Who decides what authentic Jewish practice looks like?
Thousands of years ago the central practice of Yom Kippur involved two goats.
These goats would be taken by the high priest who would draw lots to decide which one would be immediately sacrificed in the Jerusalem temple and which one would be led out into the desert only to be pushed off a cliff – symbolically representing the destruction of the community’s sins (why yes, this is the origin of the term “scapegoat”). The high priest would take the blood of the first goat and sprinkle it on the corners of the altar with his bare hands.
A few weeks ago, my friend and teacher Lauren Cohen Fischer put together a source sheet about how to pinpoint “authentic Jewish practice” for a new educational series run by Hillel International. The case study focused on the great Yom Kippur bike debate in Tel-Aviv that proliferated throughout the Jewish world a couple years back.
On Yom Kippur, in normally traffic-ridden Tel-Aviv, the streets are empty and normal life comes to a halt. Sure, many use this day off to attend synagogue and fast – but a more recent trend involves thousands of people using the opportunity to bike down major streets now devoid of cars. It has become a yearly Yom Kippur tradition that many young Israelies view as the major practice of the holiday.
The question is, of course, could biking on Yom Kippur be viewed as authentic Jewish practice?
I brought this question to a group of students where I encountered the spectrum of opinions that one would expect from any slice of the Jewish people. “If this is what allows people to connect, then why not!” one opined. “This has nothing to do with Yom Kippur or Judaism,” another interjected. “Wait, what does authentic Jewish practice even mean and who gets to decide?” another student asked, throwing the question back in my face.

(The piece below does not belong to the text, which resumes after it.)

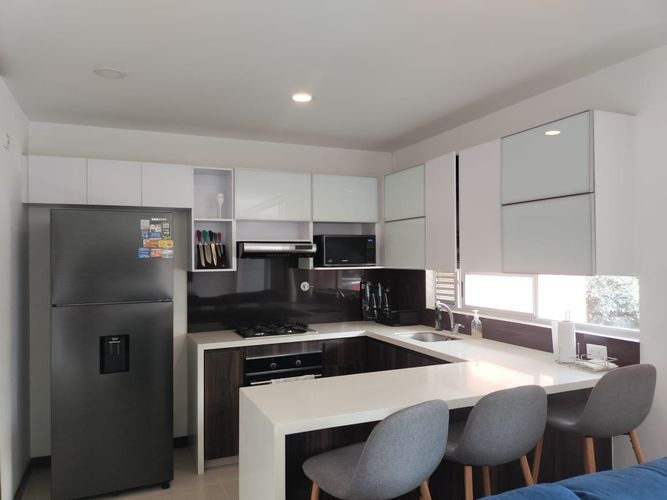 Apartamento de 3 alcobas en arriendo en El Poblado, Medellín, 108 m² · foto 3 de 18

Towards the end of the discussion, taking advantage of possibly the only good part of having to teach over Zoom, I shared my screen and went to YouTube.
I shared a video of the Samaritans, an early breakoff group from the Israelites, who still, to this day, sacrifice a Pascal lamb every year on Passover. Watching the sacrifice, one can’t help but admit that this is the closest to a biblical holiday practice that exists in the modern world. Yet, when I asked my original question: “Is this authentic Jewish practice?” there was a moment of introspective science while a vivid scene of a slaughtered lamb being carried down a mountain dominated the screen.

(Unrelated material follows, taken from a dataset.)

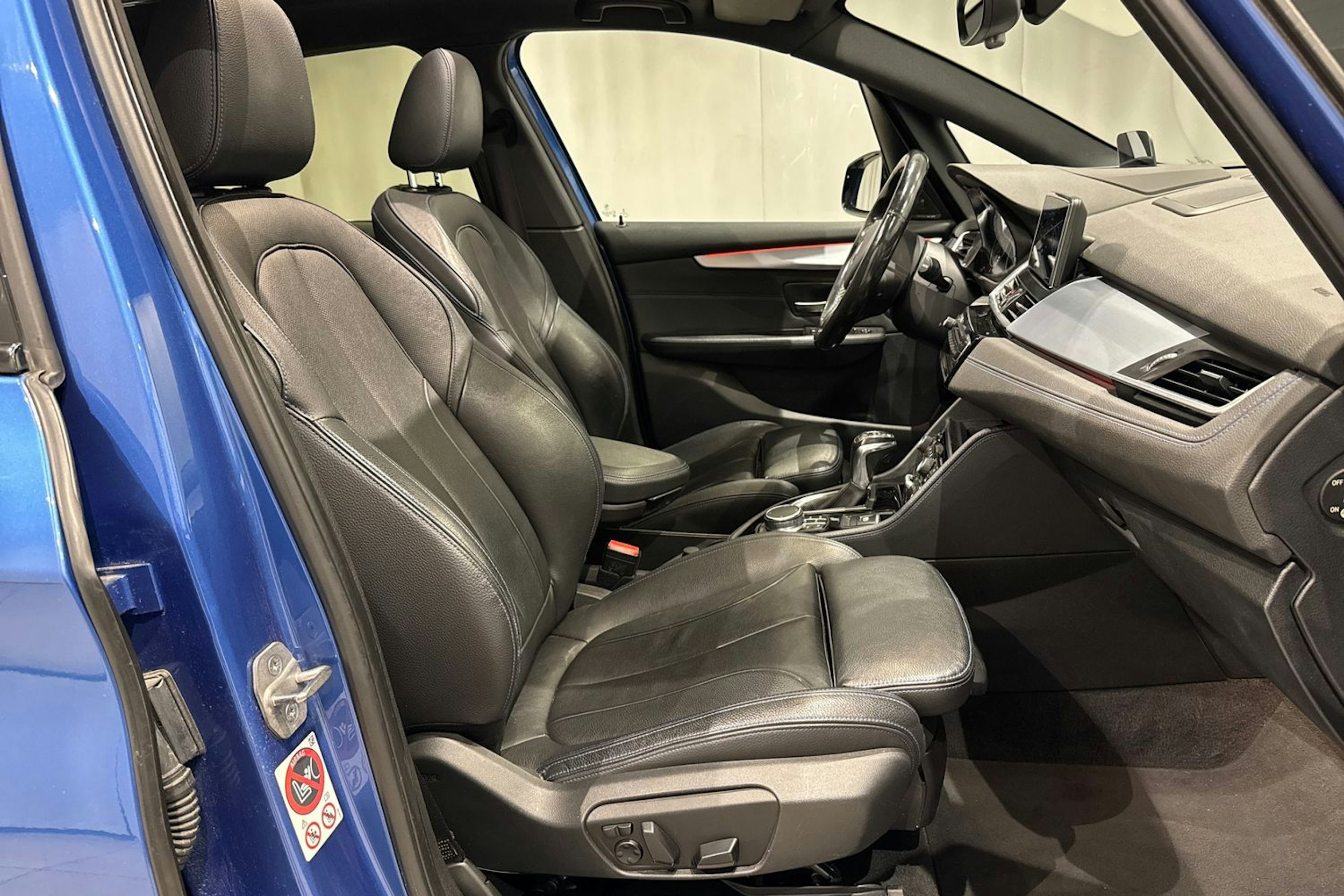 sininen BMW 225 2016 kuva 19.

Judaism is a constant dance, a dialectic if you will, between tradition and evolution. Choose only the former and you are at risk of becoming obsolete while the Jewish tradition has moved on. Choose only the later and you are at equal risk. A boat can only move downstream so fast while it ensures its own safety. You can capsize, or lose control, or even have your passengers opt to leave for a safer (or more traditional) boat.
One can imagine a scene in an 6th century Galilean synagogue where a young rabbi, upon noticing that his congregants failed to be fully inspired by the Mussaf recounting of the Yom Kippur sacrificial service, decided to supplement his service with a newly written poem about the importance of the day.

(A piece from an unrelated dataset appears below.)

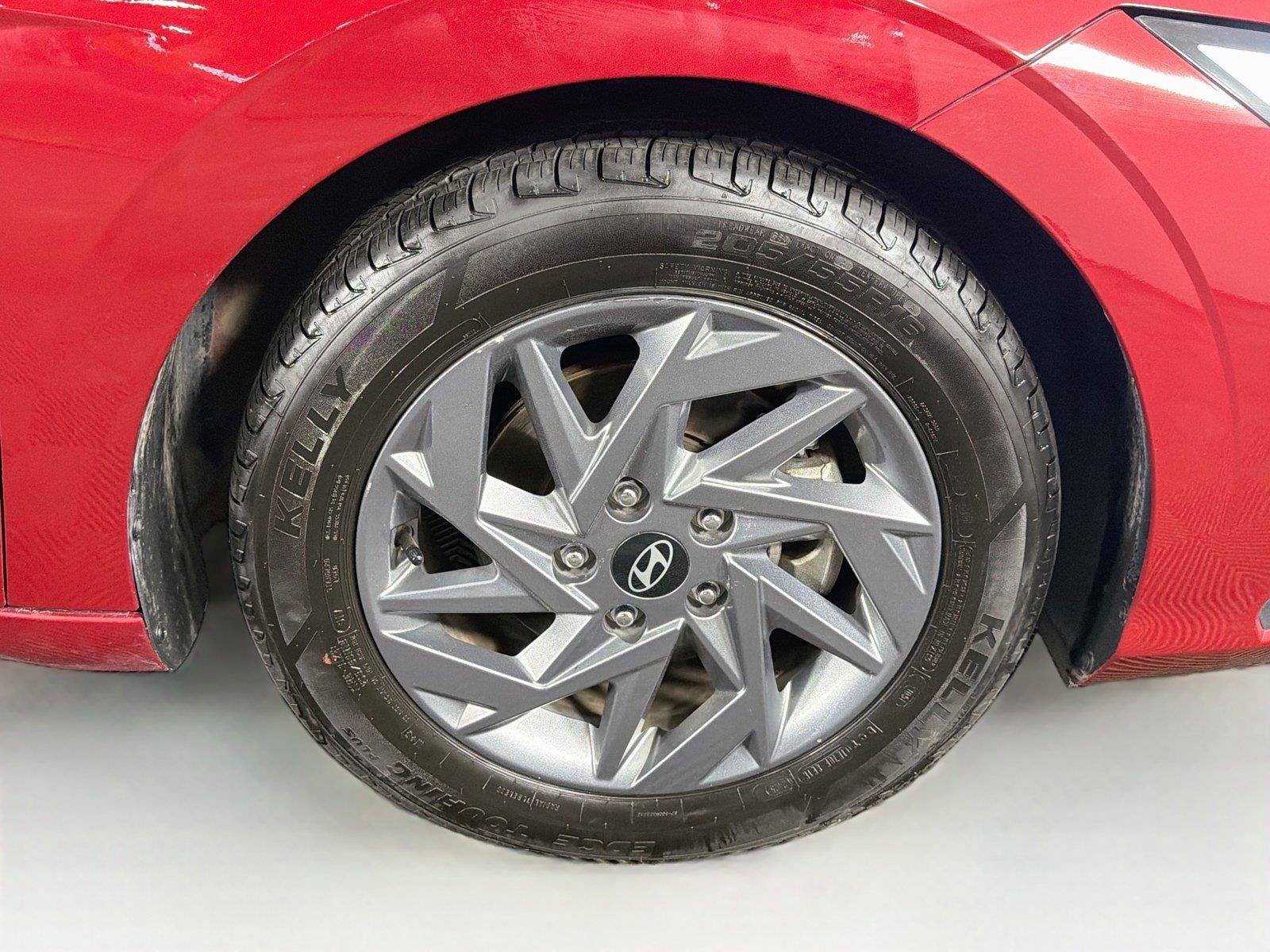 Used 2024 Hyundai Elantra SEL FWD image 36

As the rabbi starts to chant this piyut, called Unetanu Tokef, the elders begin to protest. “How dare this rabbi try and change the structure of our services!” they grumble in the back, a few actually leaving to the next synagogue down the street.
Being completely honest, I find the ritual sacrifice of animals archaic and unethical and I’m certainly glad Judaism has evolved. I also find the idea of biking as a Yom Kippur ritual to be lacking in honor or respect for the day, and severed from any traditional Jewish practice.
I can certainly understand why one would want to base their Yom Kippur around the sacrificial service, as we know that the Musaf service, the traditional centerpiece of the day does in its nod to thousands of years of practice. I can also certainly understand how an introspective bike ride down an empty freeway can be a moment of spirituality and connection for which a synagogue service centered around an out-of-date theology simply can’t compete.
But perhaps that’s the point.
There was always a time when every authentic Jewish practice was radical and innovative for its time. The question we must be asking ourselves, especially given the fast pace that the world is moving around us, is how to balance and ensure a healthy synthesis and continuation of both innovation and tradition.